# TASK DIRECTIONS
All lines from the one with "Adventure Magazine, May" to the end of the data: return those exactly, and only those.

Collected data entries:
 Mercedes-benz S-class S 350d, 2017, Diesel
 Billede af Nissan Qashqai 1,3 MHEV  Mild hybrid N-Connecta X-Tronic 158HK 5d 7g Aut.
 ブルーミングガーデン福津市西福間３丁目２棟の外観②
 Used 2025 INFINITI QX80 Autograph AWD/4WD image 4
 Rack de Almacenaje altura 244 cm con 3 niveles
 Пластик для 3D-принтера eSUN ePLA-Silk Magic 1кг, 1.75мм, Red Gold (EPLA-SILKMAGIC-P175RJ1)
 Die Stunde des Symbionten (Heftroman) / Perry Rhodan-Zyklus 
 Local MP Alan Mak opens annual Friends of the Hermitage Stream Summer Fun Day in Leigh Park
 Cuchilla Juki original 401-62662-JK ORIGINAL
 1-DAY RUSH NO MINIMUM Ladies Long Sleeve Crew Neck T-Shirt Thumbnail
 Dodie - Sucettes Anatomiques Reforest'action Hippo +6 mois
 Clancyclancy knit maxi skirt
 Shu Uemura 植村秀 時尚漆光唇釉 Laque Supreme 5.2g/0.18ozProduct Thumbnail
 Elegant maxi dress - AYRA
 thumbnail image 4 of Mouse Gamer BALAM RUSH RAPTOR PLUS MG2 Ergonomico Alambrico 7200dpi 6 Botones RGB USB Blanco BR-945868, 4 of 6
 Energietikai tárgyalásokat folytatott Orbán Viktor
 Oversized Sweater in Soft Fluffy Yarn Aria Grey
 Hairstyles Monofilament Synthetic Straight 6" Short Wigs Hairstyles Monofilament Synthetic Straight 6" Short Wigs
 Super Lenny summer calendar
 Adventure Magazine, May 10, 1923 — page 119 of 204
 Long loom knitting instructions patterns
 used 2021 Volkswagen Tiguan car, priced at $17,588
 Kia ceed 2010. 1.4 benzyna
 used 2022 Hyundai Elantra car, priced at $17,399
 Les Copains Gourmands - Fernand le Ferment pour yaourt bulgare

# SOLUTION TO THIS EXERCISE
 Adventure Magazine, May 10, 1923 — page 119 of 204
 Long loom knitting instructions patterns
 used 2021 Volkswagen Tiguan car, priced at $17,588
 Kia ceed 2010. 1.4 benzyna
 used 2022 Hyundai Elantra car, priced at $17,399
 Les Copains Gourmands - Fernand le Ferment pour yaourt bulgare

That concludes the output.